**Problem to work on**
Every record below is to be restated verbatim, though its images are not.

Start of Block

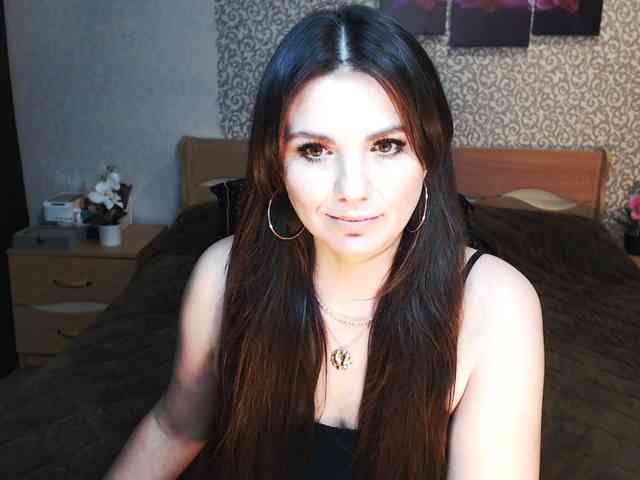 AwesomeValen webcam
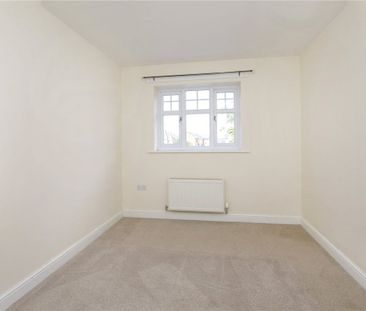 Well-presented and deceptively spacious three bedroom, three-storey... - Photo 6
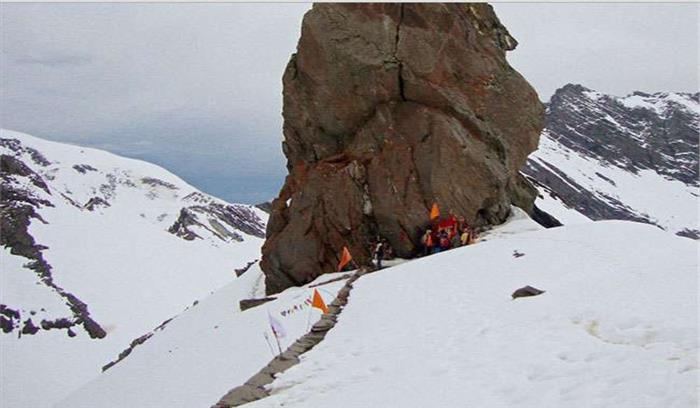 हिमाचल प्रदेश : ग्लेशियर गिरने से चार तीर्थयात्री घायल ,श्रीखंड यात्रा रुकी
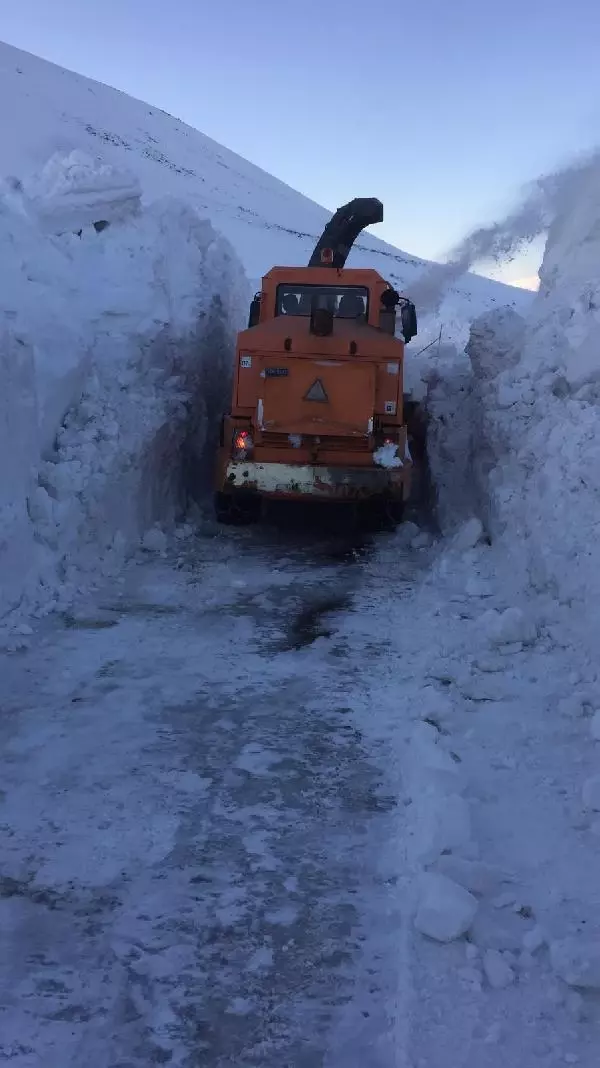 10 gündür kardan kapalı Ağrı- Kağızman- Kars yolu ulaşıma açıldı 10 gündür kardan kapalı Ağrı- Kağızman- Kars yolu ulaşıma açıldı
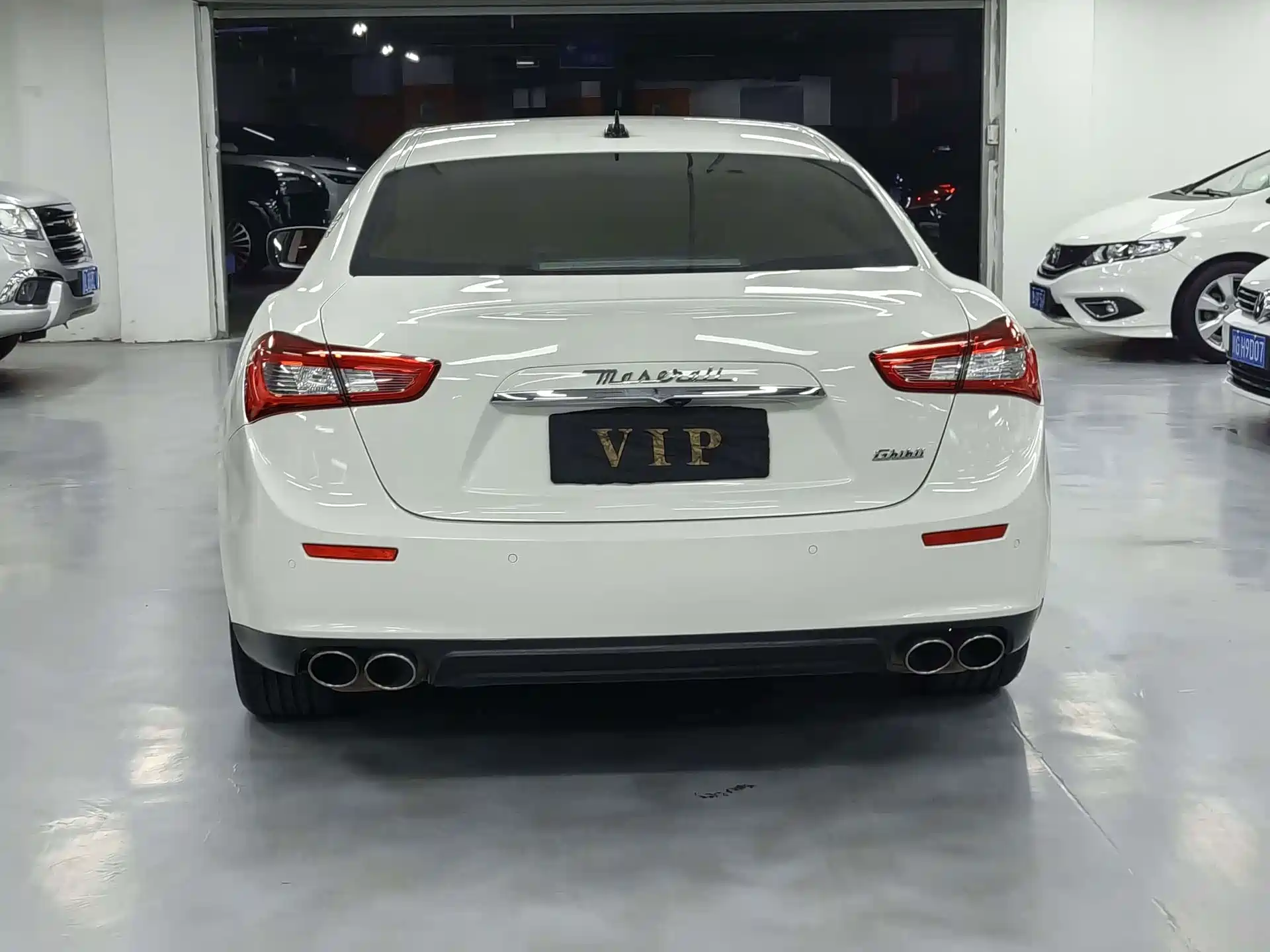 Photo 16 - Maserati Ghibli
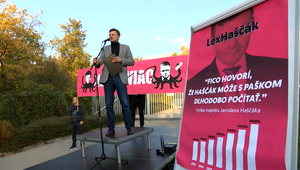 Gorila opäť ožíva aj v uliciach. Pred domom Haščáka sa zhromaždil dav demonštrantov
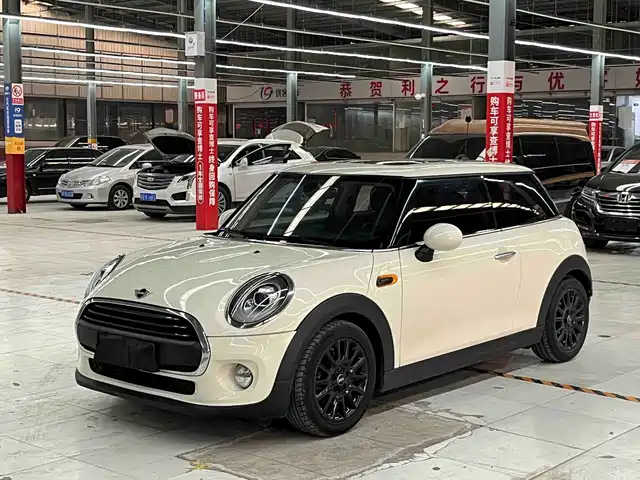 MINI 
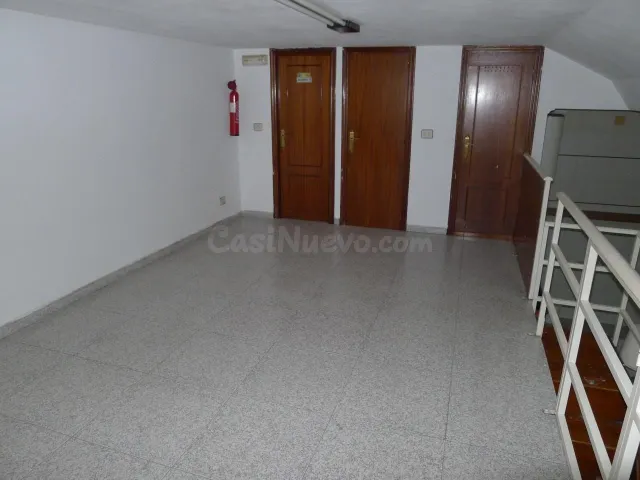 Local cerca del campus universitario — 5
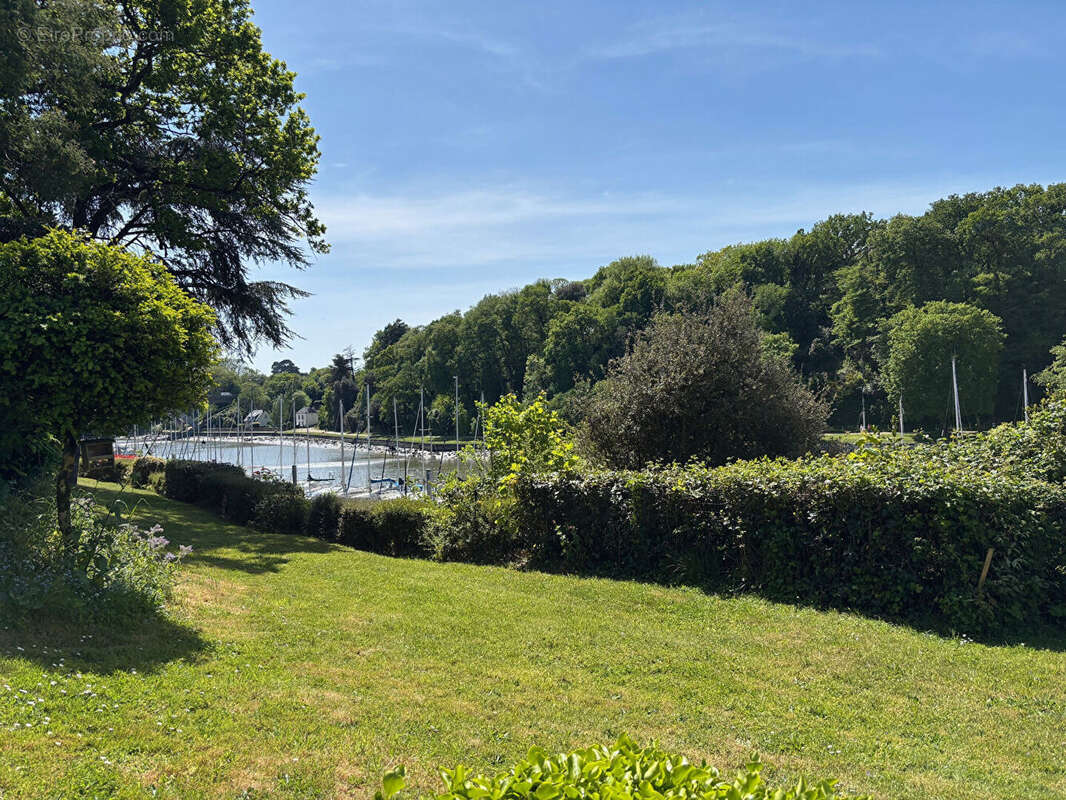 T.2 AURAY SAINT GOUSTAN dans belle Résidence avec terrasse, parking et cave - photo 4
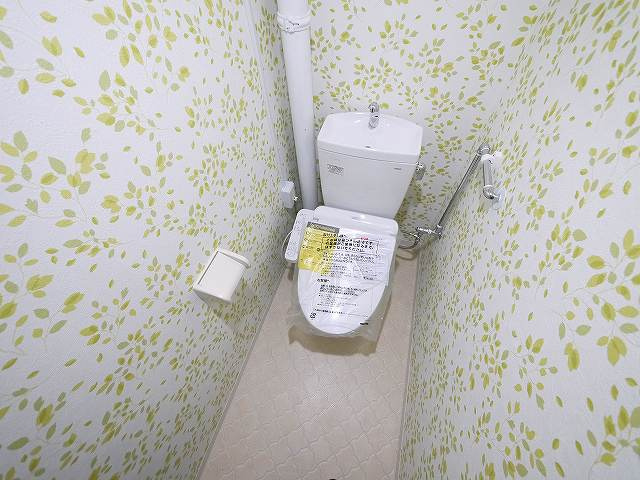 南京終マンションAのトイレ|トイレもきれいです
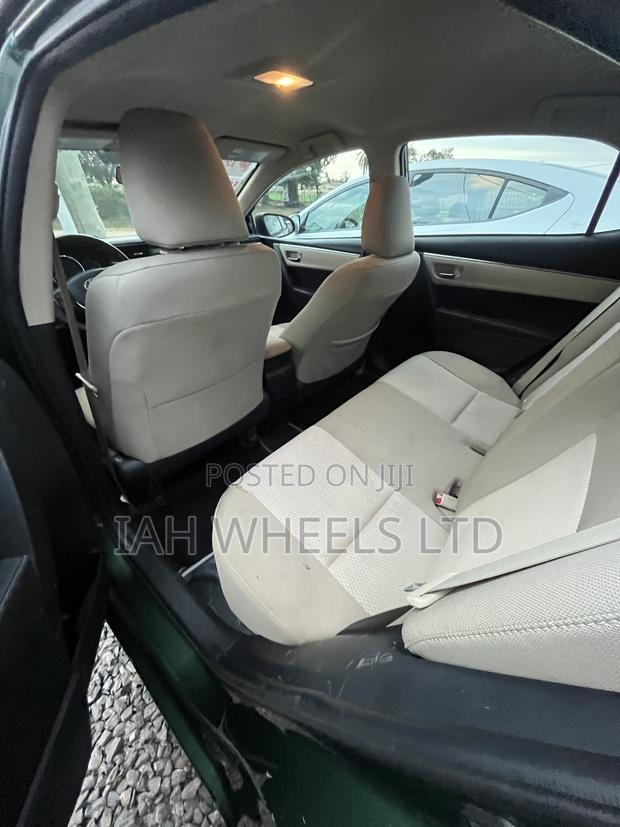 Toyota Corolla 2014 Green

End of Block

**Response below**
 AwesomeValen webcam
 Well-presented and deceptively spacious three bedroom, three-storey... - Photo 6
 हिमाचल प्रदेश : ग्लेशियर गिरने से चार तीर्थयात्री घायल ,श्रीखंड यात्रा रुकी
 10 gündür kardan kapalı Ağrı- Kağızman- Kars yolu ulaşıma açıldı 10 gündür kardan kapalı Ağrı- Kağızman- Kars yolu ulaşıma açıldı
 Photo 16 - Maserati Ghibli
 Gorila opäť ožíva aj v uliciach. Pred domom Haščáka sa zhromaždil dav demonštrantov
 MINI 
 Local cerca del campus universitario — 5
 T.2 AURAY SAINT GOUSTAN dans belle Résidence avec terrasse, parking et cave - photo 4
 南京終マンションAのトイレ|トイレもきれいです
 Toyota Corolla 2014 Green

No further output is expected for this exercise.